Reproduce all the lines below exactly and omit the images.

Short descriptive text snippets:
• • •

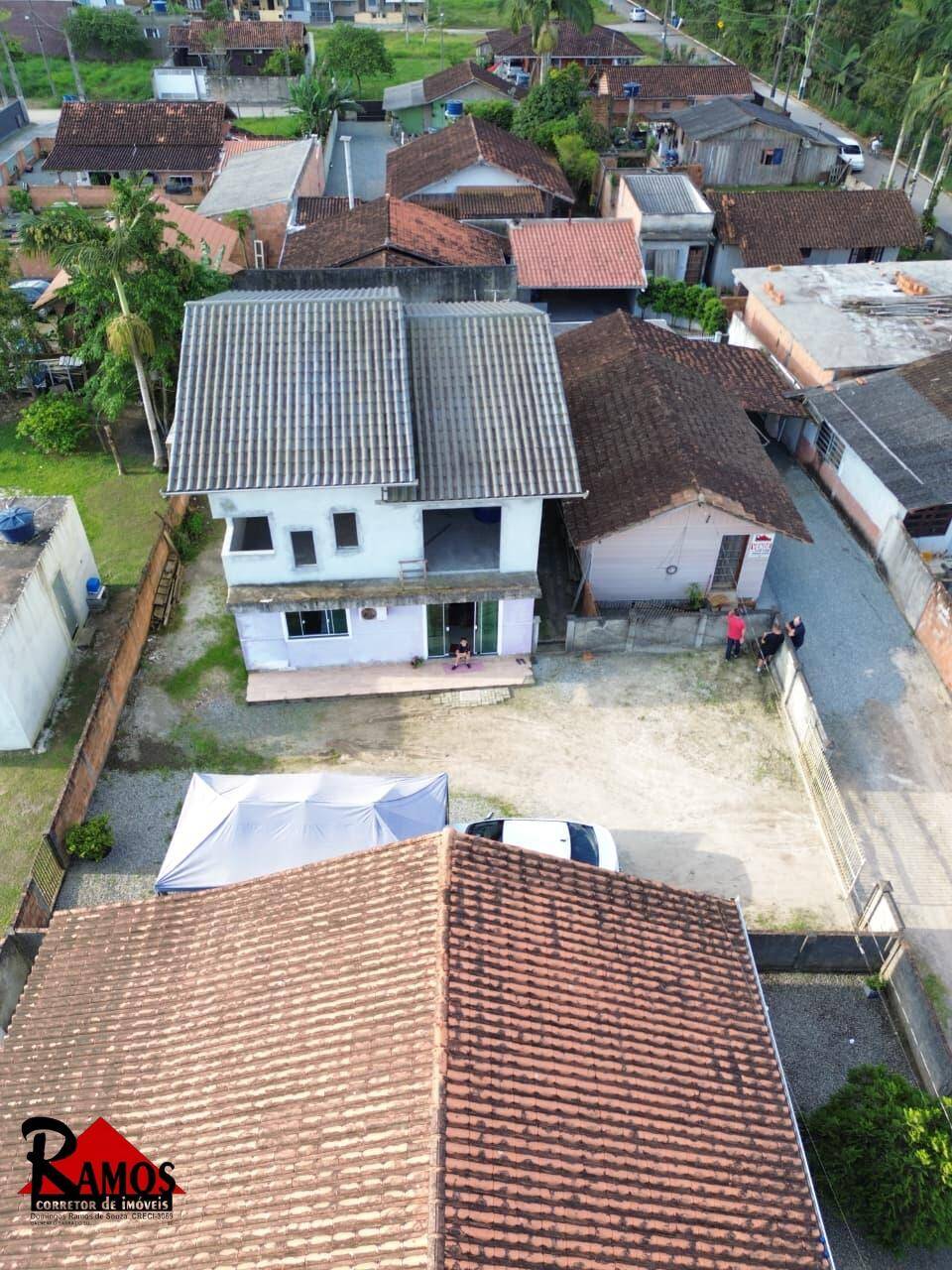 Sobrado, 5 quartos - Foto 3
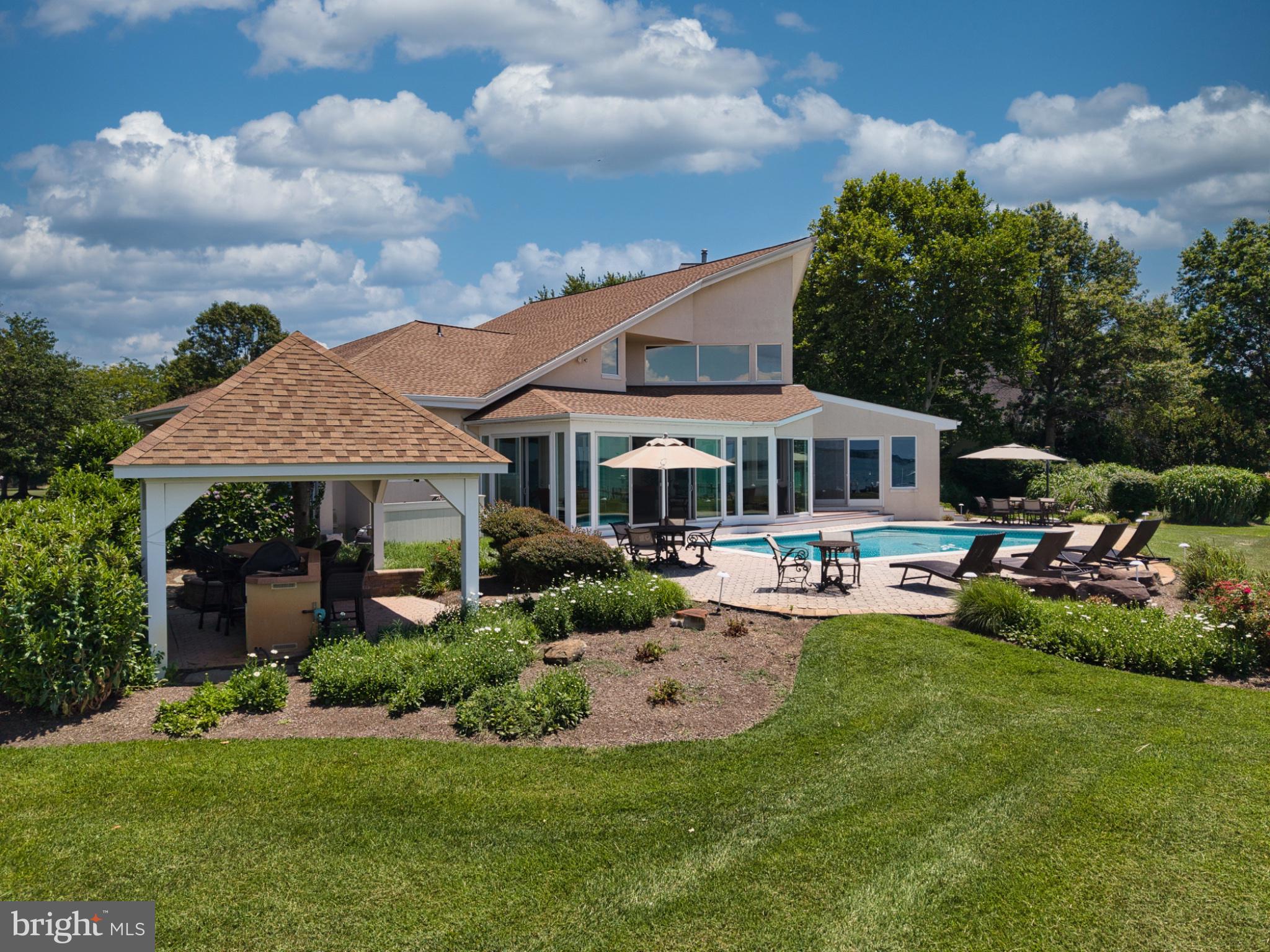 2882 Cox Neck Road Chester, MD 21619 - Photo 6 of 93
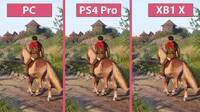 Comparan los grficos de Kingdom Come: Deliverance en PC, PS4 y Xbox One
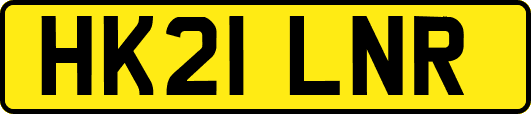 HK21LNR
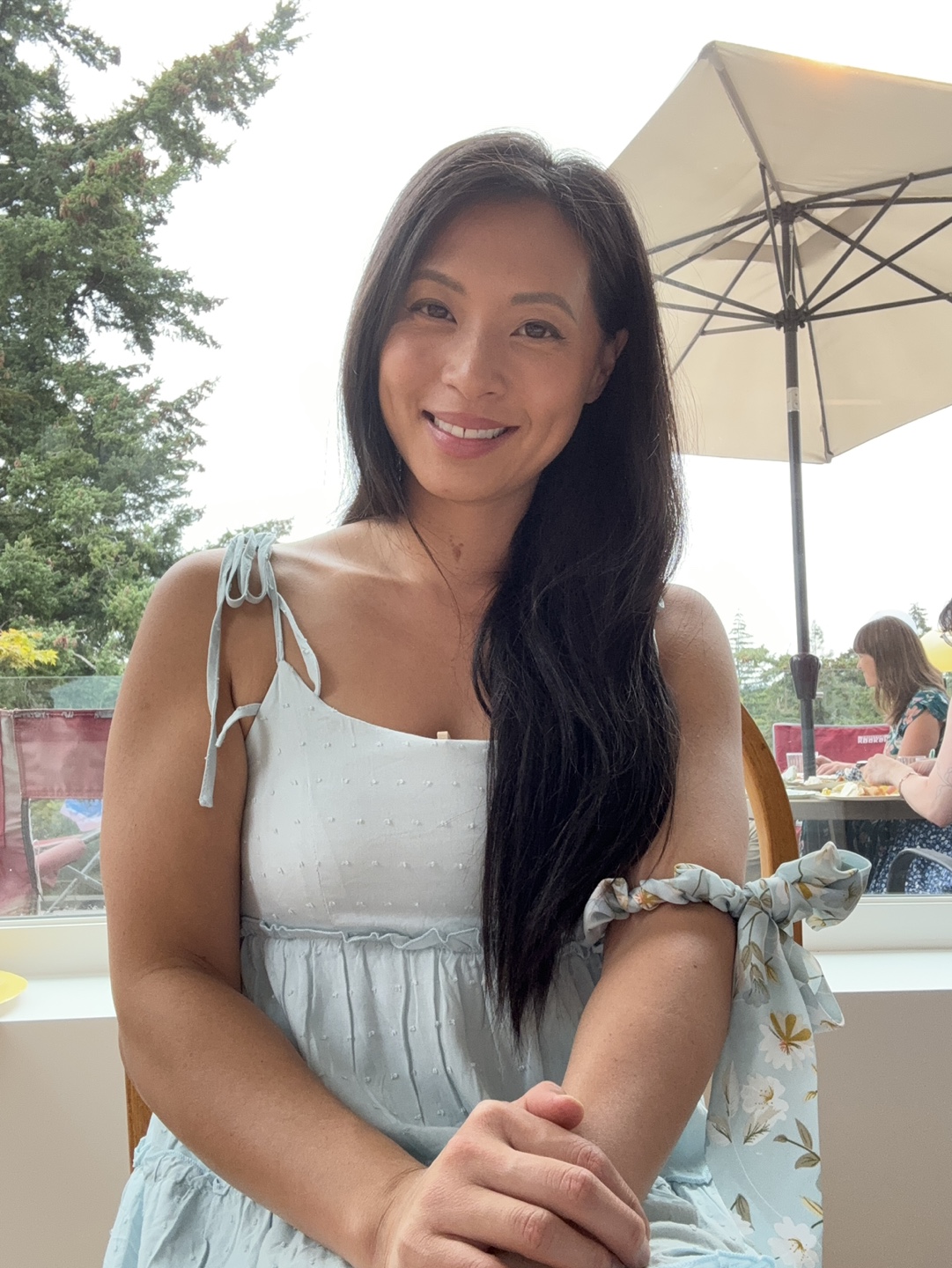 Monica profile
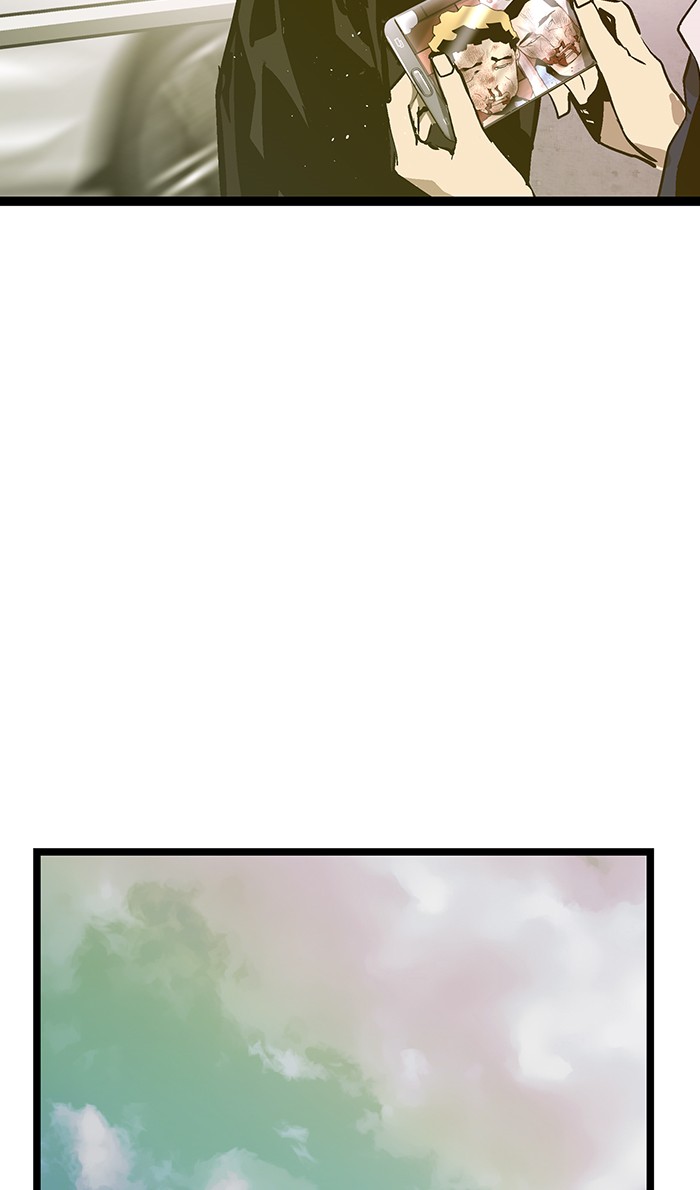 Weak Hero Chapter 50 halaman 17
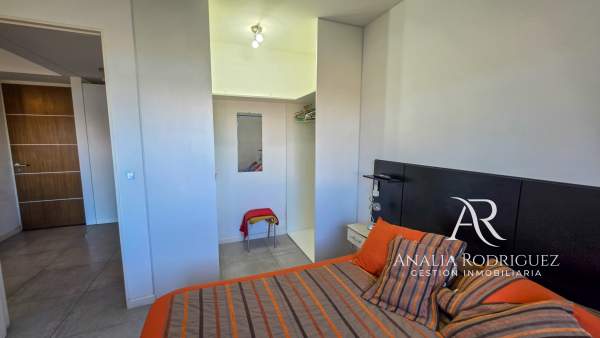 ALQUILER ANUAL, TEMPORARIO O VACACIONAL | 2 AMBIENTES CON JARDÍN Y PARRILLA | AMOBLADO | LAGOON PILAR — foto 12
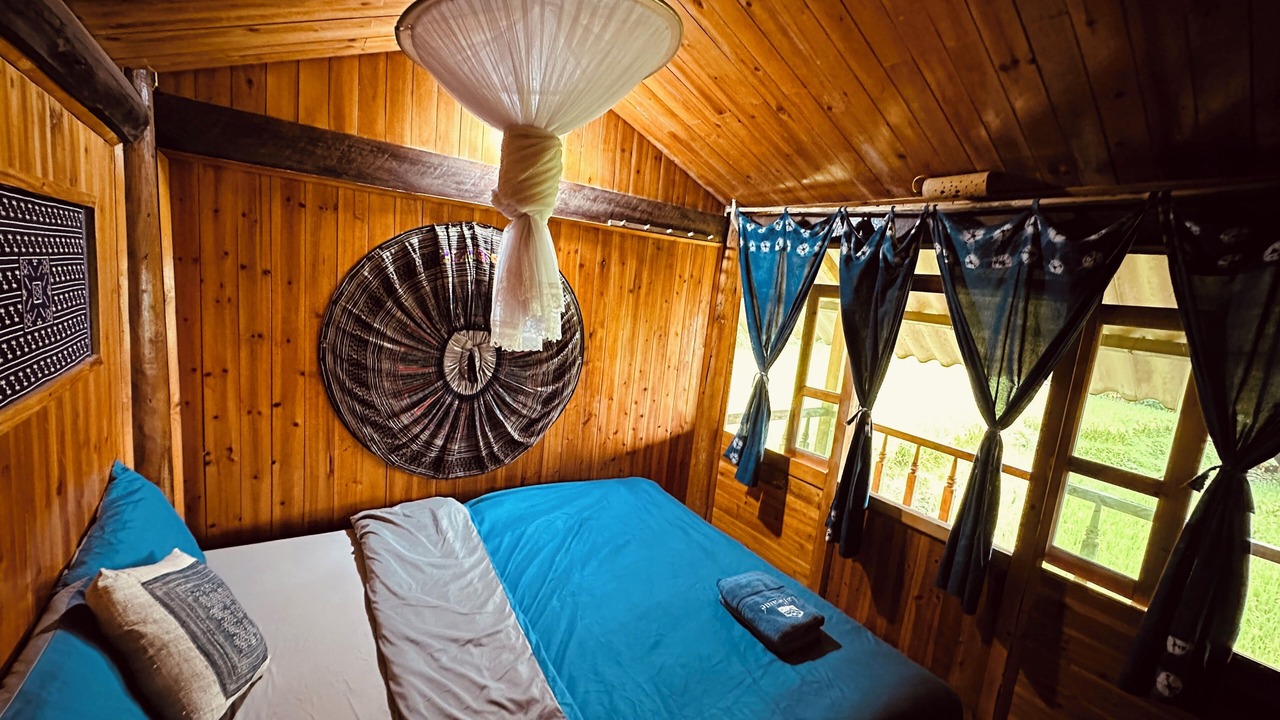 Photo of Bedroom in Sa Pa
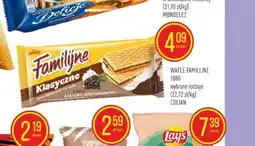 Pokusa Familijne Wafle oferta
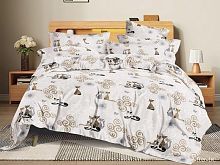 кпб cl home "dreams color" семейный ch41/026-dc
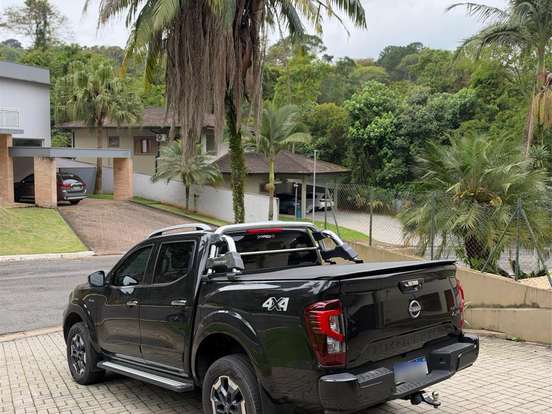 NISSAN-FRONTIER-2.3 16V TURBO DIESEL PLATINUM CD 4X4 AUTOMÁTICO NISSAN-FRONTIER-2023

• • •

## SOLVED EXERCISE
 Sobrado, 5 quartos - Foto 3
 2882 Cox Neck Road Chester, MD 21619 - Photo 6 of 93
 Comparan los grficos de Kingdom Come: Deliverance en PC, PS4 y Xbox One
 HK21LNR
 Monica profile
 Weak Hero Chapter 50 halaman 17
 ALQUILER ANUAL, TEMPORARIO O VACACIONAL | 2 AMBIENTES CON JARDÍN Y PARRILLA | AMOBLADO | LAGOON PILAR — foto 12
 Photo of Bedroom in Sa Pa
 Pokusa Familijne Wafle oferta
 кпб cl home "dreams color" семейный ch41/026-dc
 NISSAN-FRONTIER-2.3 16V TURBO DIESEL PLATINUM CD 4X4 AUTOMÁTICO NISSAN-FRONTIER-2023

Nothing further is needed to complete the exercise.